Mert Ege’nin, tanı konulduktan sonra farklı kurumlarda tedavi ve eğitim almaya başladığını, son 4 yıldır da Konya’da bu alanda hizmet veren Selçuklu Otizmli Bireyler Eğitim Vakfında (SOBE) eğitim aldığını anlatan Barış, gördüğü eğitim ve tedavisinin ardından oğlunun 7 yaşında hastalığı yendiğini, Mert Ege’nin şimdi mutluluk kaynakları olduğunu bildirdi.
Barış, Mert’ten 3 yaşına kadar duygusal bir karşılık alamadıklarını belirterek, şöyle devam etti:
“Çocuğumuzu sonsuz seviyoruz ancak ufacık bir karşılık alamıyorduk. 3 yaşındayken Ege’nin ilk defa duygusal temas gösterip öptüğü kişi kardeşi oldu. Ege’nin eskiden hayatındaki insan sayısı çok azdı, şimdi çok sosyal bir insan. Otizmde kardeş çok önemli, kardeşi yoksa eline alıp sevebileceği sorumluluğunu alabileceği bir hayvanının olması önemli.”
Mert’in konuşmaya ilk kez 4 yaşlarında başladığını söyleyen Barış, şunları anlattı:
“Hiç anne dememişti, bu, anne olduktan 4 yıl sonra duyduğum bir kelimeydi. Ben ‘bu hafta 5, ikinci hafta 15 kelimeye çıktık’ diye konuştuğu kelimeleri sayardım. Her hafta söyleyebildiği kelimeleri üst üste koyardık. Bir arkadaşım ‘Dantel örmeye benziyor’ demişti. Çok zor ve yavaş ilerliyor ancak bitirdiğiniz zaman çok güzel bir şey çıkıyor ortaya.”
“Telefonları dahi evde ihtiyaç halinde gizli gizli kullandık”
Mert Ege’nin babası Erol Barış da son 4 yıldır SOBE’de Mert için hazırlanan eğitim programıyla hızlı ilerlediklerini söyledi.
Tedavi sürecinde telefon ve tablet gibi elektronik cihazlardan Mert’i olabildiğince uzak tuttuklarını dile getiren Barış, “Tedavi ve eğitim sürecinde telefonları dahi evde ihtiyaç halinde gizli gizli kullandık.

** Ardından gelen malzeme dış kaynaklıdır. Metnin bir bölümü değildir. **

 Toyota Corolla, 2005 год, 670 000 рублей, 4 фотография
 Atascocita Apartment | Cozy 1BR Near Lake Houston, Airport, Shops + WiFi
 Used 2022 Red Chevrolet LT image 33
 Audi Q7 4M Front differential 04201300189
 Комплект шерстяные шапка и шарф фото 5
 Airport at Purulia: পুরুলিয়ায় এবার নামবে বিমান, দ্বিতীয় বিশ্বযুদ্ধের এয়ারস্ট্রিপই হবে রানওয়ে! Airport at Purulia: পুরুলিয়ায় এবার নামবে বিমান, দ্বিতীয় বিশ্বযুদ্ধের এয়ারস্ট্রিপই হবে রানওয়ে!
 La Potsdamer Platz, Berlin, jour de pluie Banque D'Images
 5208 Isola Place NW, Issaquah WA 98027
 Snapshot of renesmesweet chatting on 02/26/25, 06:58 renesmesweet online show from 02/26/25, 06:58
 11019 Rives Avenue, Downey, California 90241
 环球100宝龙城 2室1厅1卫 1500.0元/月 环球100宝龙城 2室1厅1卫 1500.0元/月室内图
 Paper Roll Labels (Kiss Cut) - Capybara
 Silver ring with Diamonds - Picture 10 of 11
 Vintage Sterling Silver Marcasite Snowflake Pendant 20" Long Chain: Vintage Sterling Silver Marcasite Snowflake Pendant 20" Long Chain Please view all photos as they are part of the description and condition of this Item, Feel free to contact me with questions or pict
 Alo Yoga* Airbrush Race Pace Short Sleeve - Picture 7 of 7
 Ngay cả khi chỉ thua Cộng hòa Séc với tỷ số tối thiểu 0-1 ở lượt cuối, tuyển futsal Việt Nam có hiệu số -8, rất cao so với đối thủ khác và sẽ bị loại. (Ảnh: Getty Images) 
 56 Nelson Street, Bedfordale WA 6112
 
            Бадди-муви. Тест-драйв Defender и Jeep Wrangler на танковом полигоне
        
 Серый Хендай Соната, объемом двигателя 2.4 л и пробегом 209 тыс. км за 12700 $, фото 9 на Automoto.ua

Bunların yanında beslenmeyle ilgili önemli tavsiyeler aldık, eğitim ve tedavisinin sonunda da Mert Ege’deki belirgin davranış bozukluklarını düzeltmeyi başardık.” diye konuştu.
SOBE’de eğitmenlik yapan Medine Doğan ise otizmde erken tanının çok önemli olduğunu anlattı.
Mert Ege’de kısa sürede olumlu gelişmeler gördüklerini ve eğitimleri sağlığına kavuşarak tamamlamasına şahit olduklarını ifade eden Doğan, “Oyuncaklarla ilgisi çok güzeldi fakat nasıl oynayacağını bilmiyordu. İnce motor becerileri zayıftı, öğrencinin ihtiyaçlarına göre bireysel eğitim programı hazırlayıp uyguladık. Aileyle iş birliği içinde çalıştık. Mert Ege’nin artık otizm raporu kalktı, çok mutluyuz. Yaşıtlarıyla aynı seviyede hatta bazı becerileri yaşıtlarının da üst seviyesinde, darısı diğer çocuklarımızın da başına inşallah.” dedi.